MacIntyre’s conclusion implies that those who are most powerful in modern societies hold their power illegitimately and that their ongoing project to not only predict human behavior but engineer it on a mass level, is nothing more than a mask for the will and desire of the powerful. This seems like bad news indeed. MacIntyre does offer some hope, though, in his belief that such bureaucracies are ultimately incapable of accomplishing what they’re attempting, for the reasons stated above:
…the project of creating a wholly or largely predictable organization committed to creating a wholly or largely predictable society is doomed and doomed by the facts about social life. Totalitarianism of a certain kind, as imagined by Aldous Huxley or George Orwell, is therefore impossible. What the totalitarian project will always produce will be a kind of rigidity and inefficiency which may contribute in the long run to its defeat.
However, MacIntyre quickly warns, “We need to remember … the voices from Auschwitz and Gulag Archipelago which tell us just how long that long run is,” lest we underestimate the danger of the bureaucratic, social engineering approach to government. So, a secularized, pseudo-scientific approach to engineering human lives running rampant in Western societies, may not lead us directly into a Brave New World or 1984 style dystopia before it collapses on itself, but the secular horrors of Hitler and Stalin have already been shown to be within the realm of possibilities.
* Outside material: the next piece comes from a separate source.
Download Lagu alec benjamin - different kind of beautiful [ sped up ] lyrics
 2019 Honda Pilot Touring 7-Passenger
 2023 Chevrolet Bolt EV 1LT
I think we can follow MacIntyre’s thinking here to examine the secularization of the modern West. Ask yourself, as religion (and a corresponding belief in human purposes) is aggressively removed from the discourse of public life, do our own institutions begin to resemble those terrible examples of the twentieth century? How is our situation different? In what ways might we consider the theories behind various forms of “management,” “social reform,” or “community planning” to be secularized, or unChristian?